Govt.-of-India-Census-2001-District-Wise

OpenML dataset with id 43707

No author found.

Full work available at URL: https://api.openml.org/data/v1/download/22102532/Govt.-of-India-Census-2001-District-Wise.arff

Upload date: 24 March 2022

Dataset Characteristics

Number of features: 82 (numeric: 47, symbolic: 0 and in total binary: 0 )
Number of instances: 590
Number of instances with missing values: 582
Number of missing values: 3,219

Description

Context Census of India is a rich database which can tell stories of over a billion Indians. It is important not only for research point of view, but commercially as well for the organizations that want to understand India's complex yet strongly knitted heterogeneity. However, nowhere on the web, there exists a single database that combines the district- wise information of all the variables (most include no more than 4-5 out of over 50 variables!). Extracting and using data from Census of India 2001 is quite a laborious task since all data is made available in scattered PDFs district wise.
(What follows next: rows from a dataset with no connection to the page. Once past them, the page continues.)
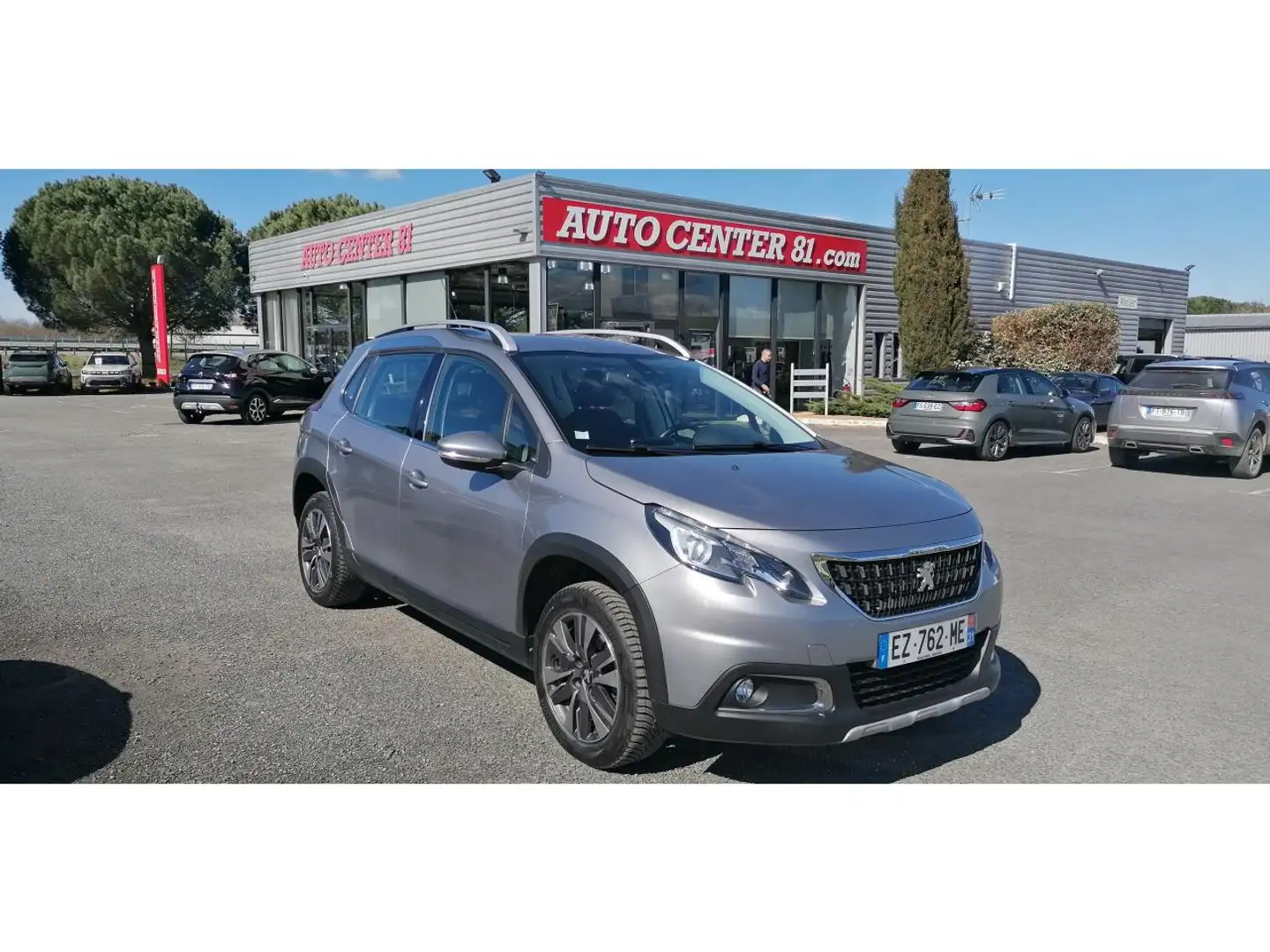 Peugeot 2008 1.2i PureTech 82 Allure +CAMERA Gris - 1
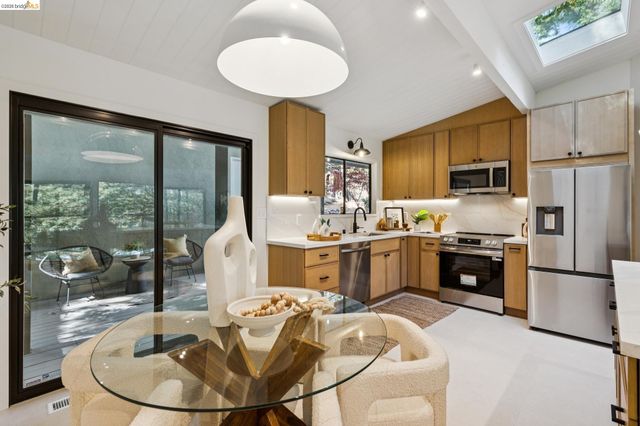 7101 Pinehaven Rd, Oakland, CA 94611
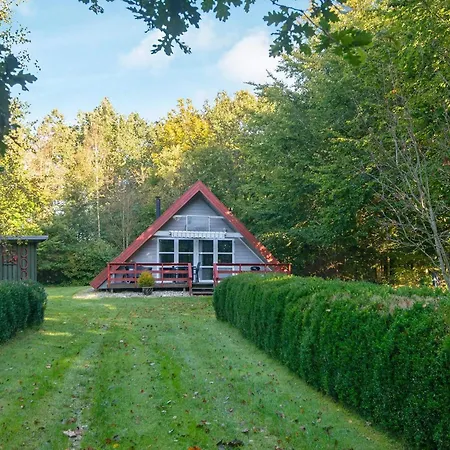 Modern Retreat In Arrild *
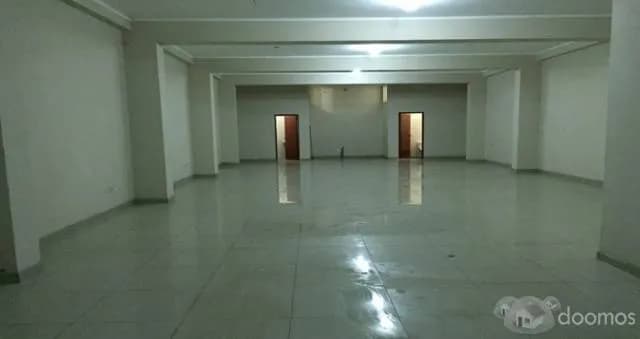 Venta de Local Comercial, Av. Universitaria, Comas — foto 1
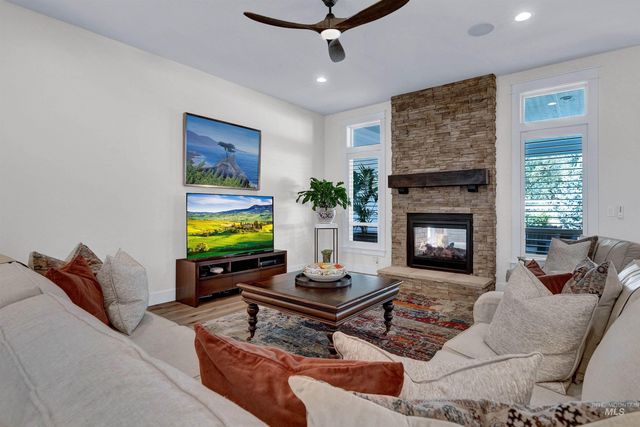 14315 N Otter Tail Way, Boise, ID 83714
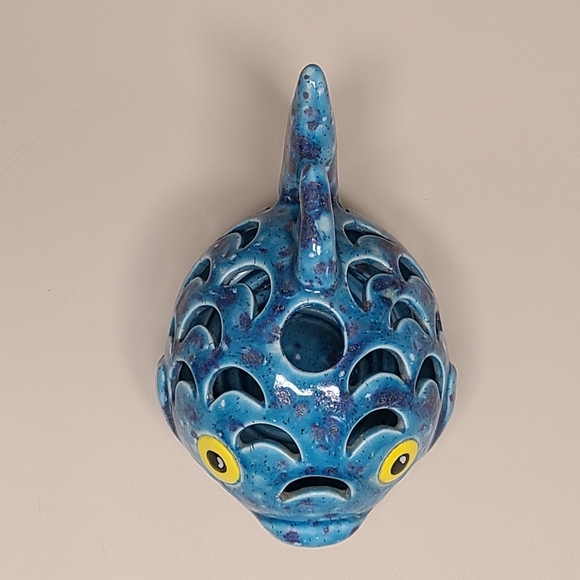 Ceramic Votive Puffer Fish Tea light candle holder - Picture 4 of 11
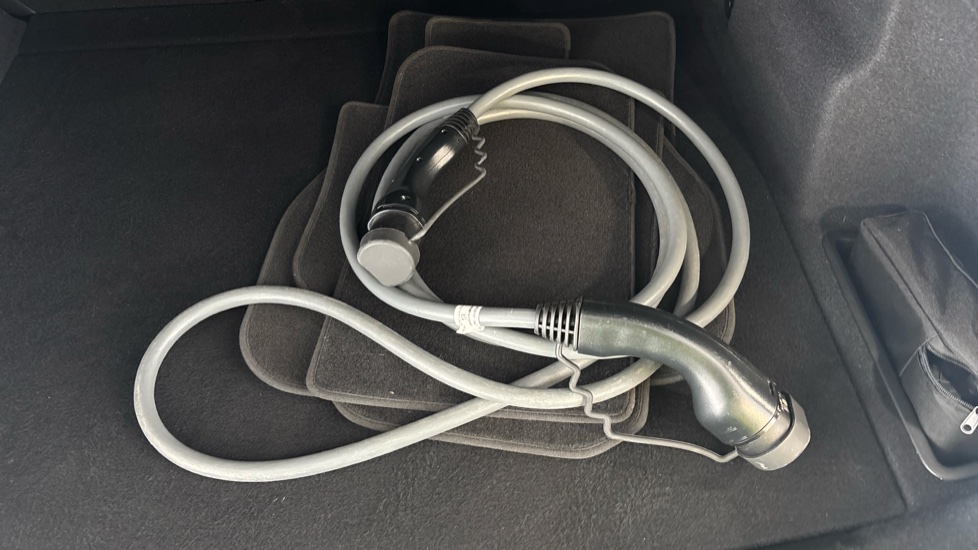 BMW iX1 Image 22
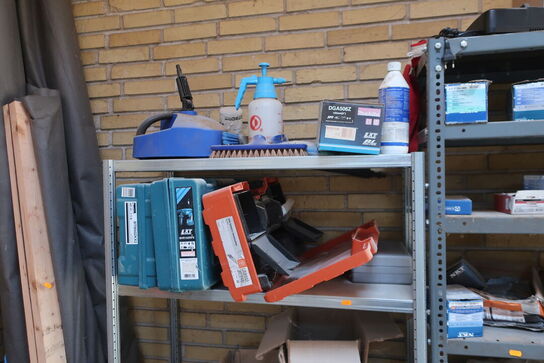 3 stk. reoler inkl. indhold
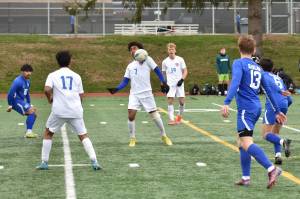 Auburn Mountainview senior Nate Esayase attempts to get the Lions going offensively. Ben Ray / The Reporter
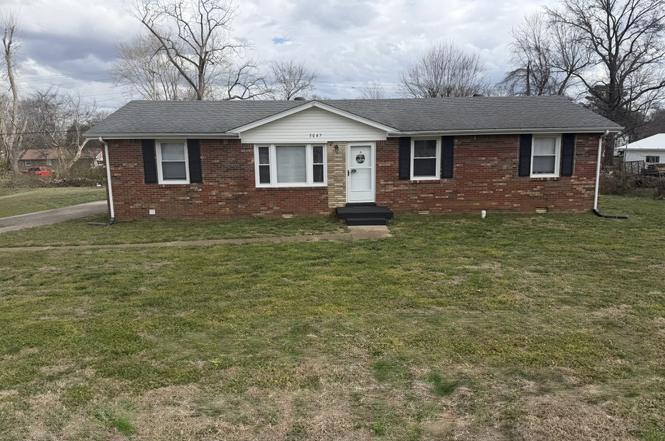 5047 Collinwood Dr, Clarksville, TN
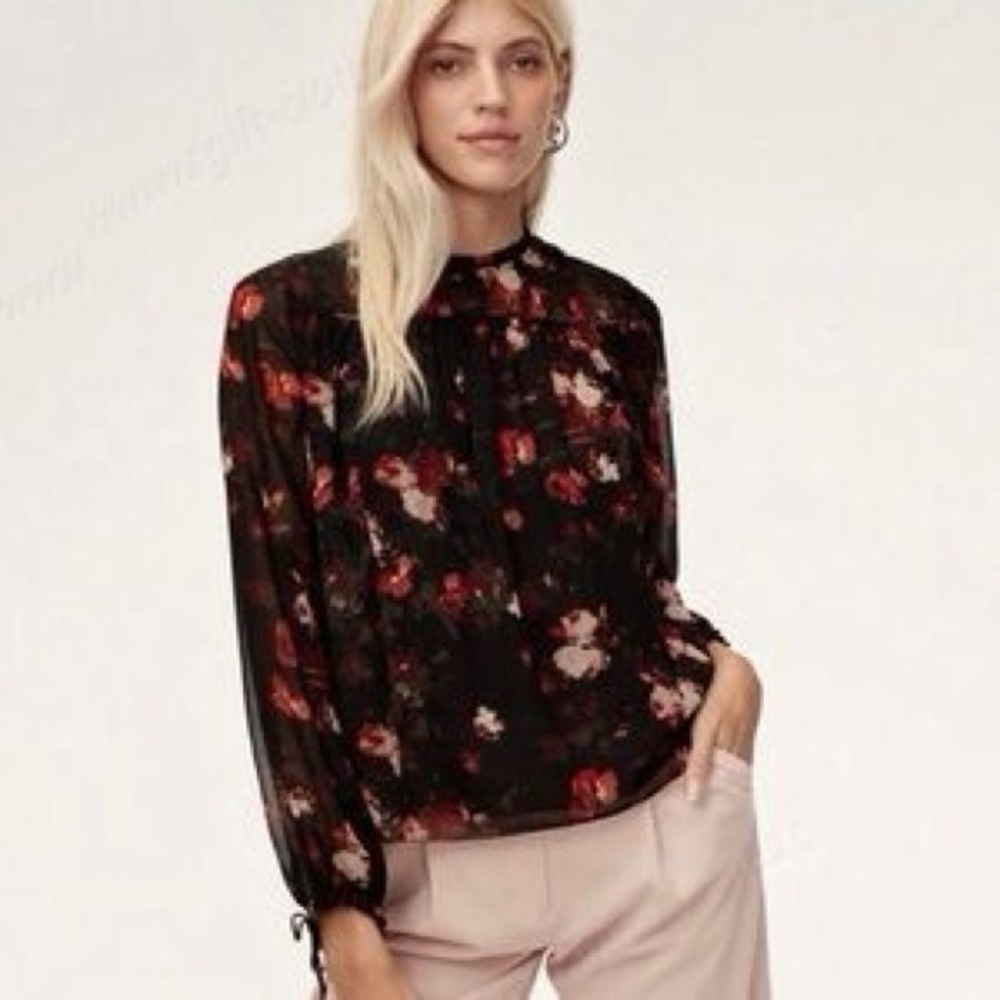 Aritzia Wilfred Lourdes blouse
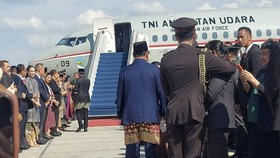 Wanita 'Kebal Paspamres' Menangis Lepas Jokowi di Tangga Pesawat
Individual PDFs can be extracted from http://www.censusindia.gov.in/(S(ogvuk1y2e5sueoyc5eyc0g55))/Tables_Published/Basic_Data_Sheet.aspx. Content This database has been extracted from Census of 2001 and includes data of 590 districts, having around 80 variables each. In case of confusion regarding the context of the variable, refer to the following PDF and you will be able to make sense out of it: http://censusindia.gov.in/Dist_File/datasheet-2923.pdf All the extraction work can be found https://github.com/preetskhalsa97/census2001auto The final CSV can be found at finalCSV/all.csv The subtle hack that was used to automate extraction to a great extent was the the URLs of all the PDFs were same except the four digits (that were respective state and district codes). A few abbreviations used for states: AN- Andaman and Nicobar CG- Chhattisgarh DD- Daman and Diu DN_H- Dadra and Nagar Haveli JK- Jammu and Kashmir MP- Madhya Pradesh TN- Tamil Nadu UP- Uttar Pradesh WB- West Bengal A few variables for clarification: Growth..19912001- population growth from 1991 to 2001 X0..4 years- People in age group 0 to 4 years SC1- Scheduled Class with highest population Acknowledgements Inspiration This is a massive dataset which can be used to explain the interplay between education, caste, development, gender and much more. It really can explain a lot about India and propel data driven research. Happy Number Crunching!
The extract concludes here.